What is a mass spectrometer?
The mass spectrometer is our essential and most used instrument when we analyze proteomes. A mass spectrometer is a device that defines the molecular weight of a molecule based on how this molecule “flies” into the analyzer. There are multiple types of mass spectrometers that differ based on how the signal is resolved, but their output is univocal: the mass and the abundance of the analyte. Progresses have made these instruments more sensitive and more capable of detecting and quantifying many signals simultaneously. Therefore, a biological sample like a biopsy or a cellular extract has mass spectrometry as ideal methodology to identify and quantify all the proteins present in the mixture. We optimize methods to acquire signals in mass spectrometry, mostly to detect more informative layers of data about our proteins. For example, we study regulations in protein abundance, protein synthesis rate (turnover), protein localization in the cell, protein interactions (with other proteins or other molecules), protein modifications and protein structure.

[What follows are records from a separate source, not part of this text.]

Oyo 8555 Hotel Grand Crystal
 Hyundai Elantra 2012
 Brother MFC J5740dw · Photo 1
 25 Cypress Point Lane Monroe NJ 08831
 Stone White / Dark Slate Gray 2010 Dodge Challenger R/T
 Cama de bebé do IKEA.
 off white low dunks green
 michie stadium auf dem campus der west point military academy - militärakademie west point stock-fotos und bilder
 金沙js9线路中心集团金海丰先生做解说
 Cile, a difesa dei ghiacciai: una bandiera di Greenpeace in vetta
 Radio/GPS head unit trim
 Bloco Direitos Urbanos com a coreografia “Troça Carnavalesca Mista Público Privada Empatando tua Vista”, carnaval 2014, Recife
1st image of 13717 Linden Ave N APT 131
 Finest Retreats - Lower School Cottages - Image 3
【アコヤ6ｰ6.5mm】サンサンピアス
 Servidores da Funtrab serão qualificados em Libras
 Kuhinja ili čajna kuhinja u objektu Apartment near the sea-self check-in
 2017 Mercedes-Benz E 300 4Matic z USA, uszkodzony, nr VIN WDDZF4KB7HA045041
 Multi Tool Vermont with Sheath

Considering that every molecule is made of matter with a quantifiable mass, mass spectrometry is likely the most versatile and applicable technology in science overall. In fact, mass spectrometry is now widely utilized not only to study proteins, but also all other biomolecules in the cell like lipids, nucleotides, carbohydrates and many other metabolites.
What is a scientist?
This is (apparently) simple. A scientist is anyone so curious about something to dedicate much of his/her efforts into accurately demonstrating the truthfulness of a hypothesis. Frequently, this hypothesis is the result of observed evidence, of which gathering might require the development of new methods. We develop new methods using our mass spectrometers and other systems to observe new aspects of the cell. Once we identify a new aspect, we collaborate with many other scientists to demonstrate that our observation is meaningful and helps the understanding of a disease mechanism.
A scientist today has many other responsibilities; creating experiments to test a hypothesis is just one of them. We are committed to mentor our colleagues and students. In fact, we need all the help we can find, as the final answer to the question “how we are made?” is bigger than each one of us. We are also responsible to share our discoveries to the science community and beyond, which we commonly do through conferences and by writing papers. It is never simple to balance rigorousness and excitement in front of new findings, so much care should be taken to not confuse incomplete observations with facts. Because of this, part of our duty consists in reviewing our colleague’s work and constructively criticize it when necessary. Finally, most scientists need to work hard to find and obtain funding for their research. Most types of science are still expensive, because hypotheses need to be demonstrated with long and rigorous experiments. Finding sponsors for specific projects is additional effort for us but, in a way, convincing institutions and private foundations about the importance and the urgency of what we do is a very good exercise to keep us focused.